Reproduce the data below exactly. Skip the pictures.

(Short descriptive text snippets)
++++++++

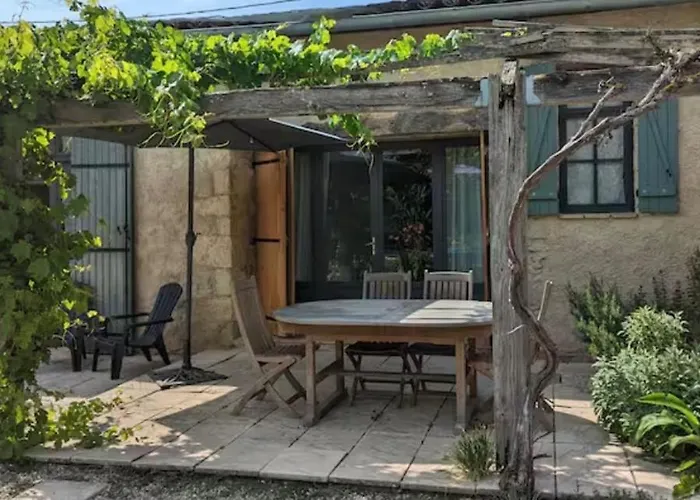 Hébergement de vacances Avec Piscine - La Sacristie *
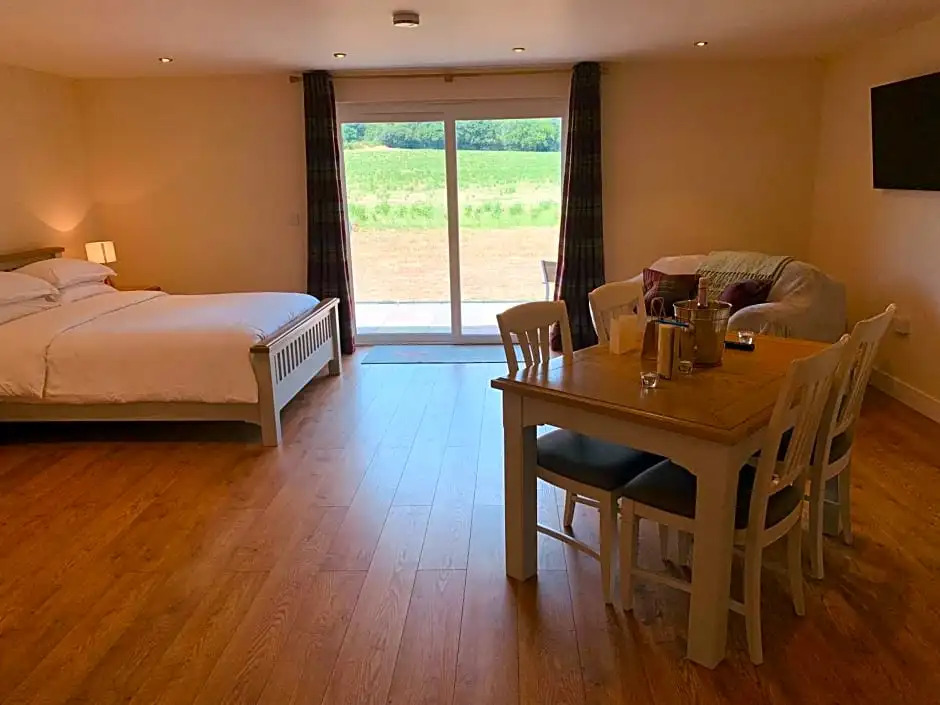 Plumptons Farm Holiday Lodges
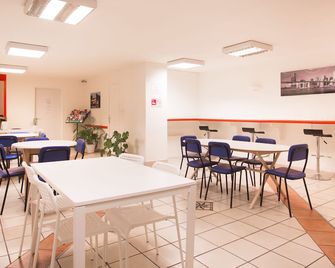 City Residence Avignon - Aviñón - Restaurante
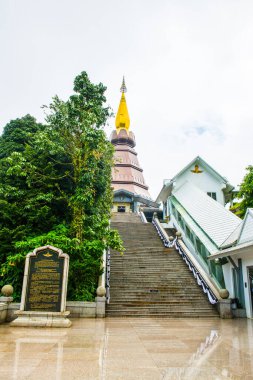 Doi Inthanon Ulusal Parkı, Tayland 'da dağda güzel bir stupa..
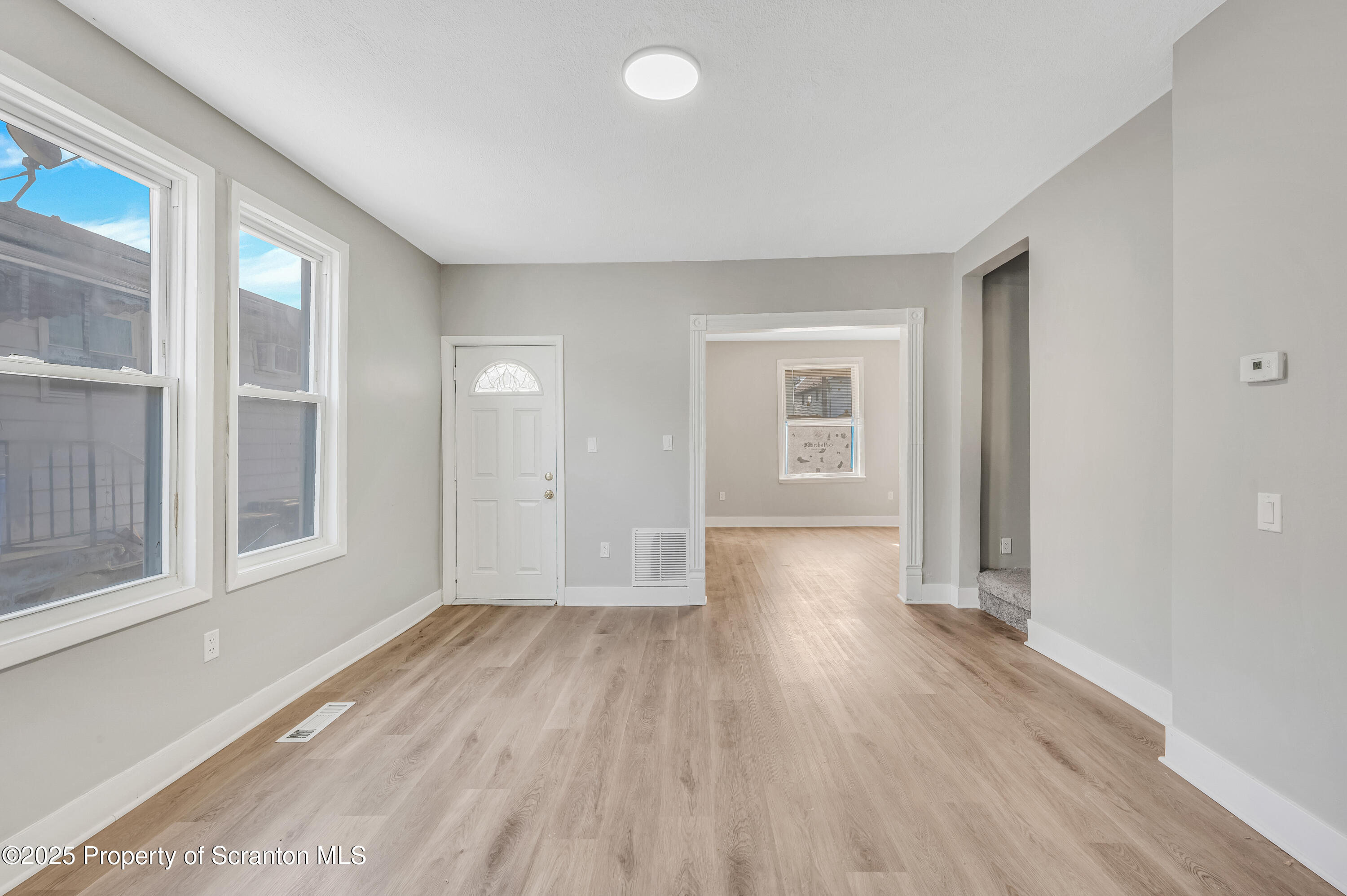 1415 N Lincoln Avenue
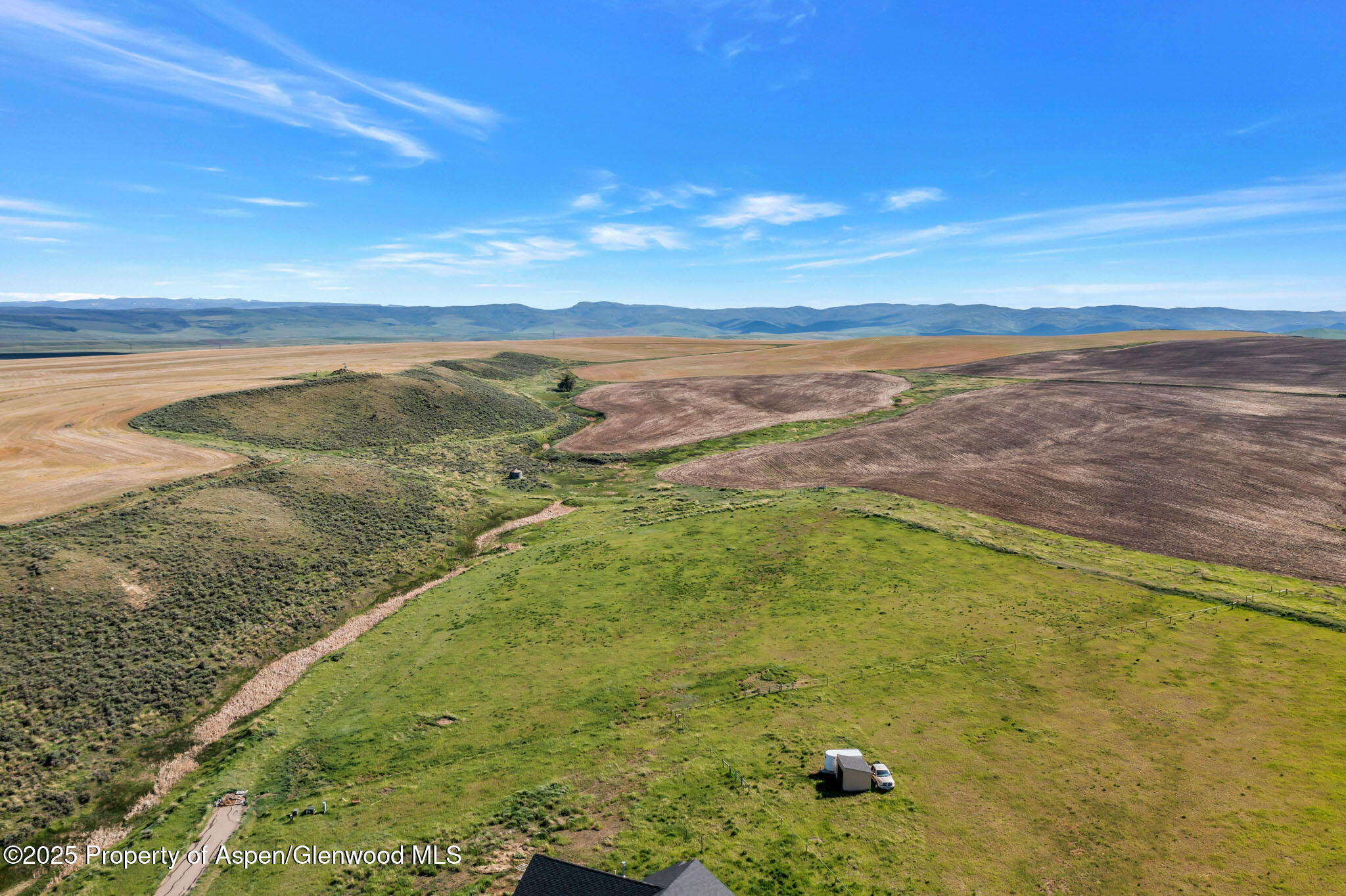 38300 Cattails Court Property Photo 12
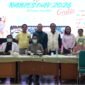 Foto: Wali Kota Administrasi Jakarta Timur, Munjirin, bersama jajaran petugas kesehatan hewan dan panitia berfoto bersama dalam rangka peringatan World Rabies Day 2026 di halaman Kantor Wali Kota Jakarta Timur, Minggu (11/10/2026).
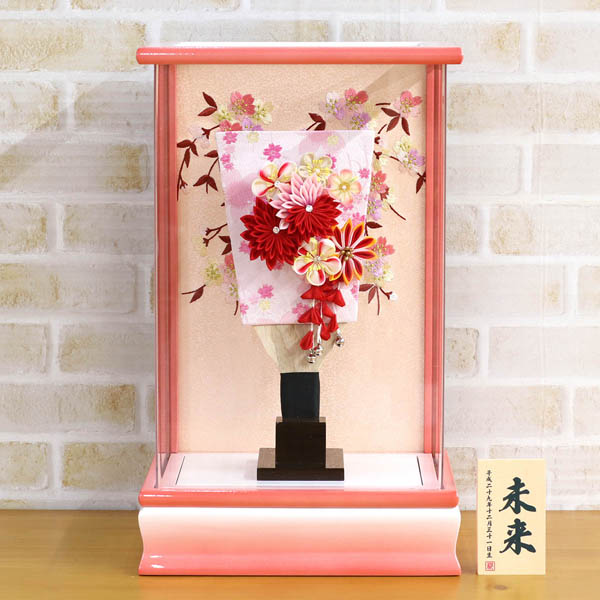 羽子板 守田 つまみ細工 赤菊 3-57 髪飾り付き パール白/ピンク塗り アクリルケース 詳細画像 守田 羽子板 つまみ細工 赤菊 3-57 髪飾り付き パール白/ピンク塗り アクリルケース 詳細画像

++++++++

### Output for this task:
 Hébergement de vacances Avec Piscine - La Sacristie *
 Plumptons Farm Holiday Lodges
 City Residence Avignon - Aviñón - Restaurante
 Doi Inthanon Ulusal Parkı, Tayland 'da dağda güzel bir stupa..
 1415 N Lincoln Avenue
 38300 Cattails Court Property Photo 12
 Foto: Wali Kota Administrasi Jakarta Timur, Munjirin, bersama jajaran petugas kesehatan hewan dan panitia berfoto bersama dalam rangka peringatan World Rabies Day 2026 di halaman Kantor Wali Kota Jakarta Timur, Minggu (11/10/2026).
 羽子板 守田 つまみ細工 赤菊 3-57 髪飾り付き パール白/ピンク塗り アクリルケース 詳細画像 守田 羽子板 つまみ細工 赤菊 3-57 髪飾り付き パール白/ピンク塗り アクリルケース 詳細画像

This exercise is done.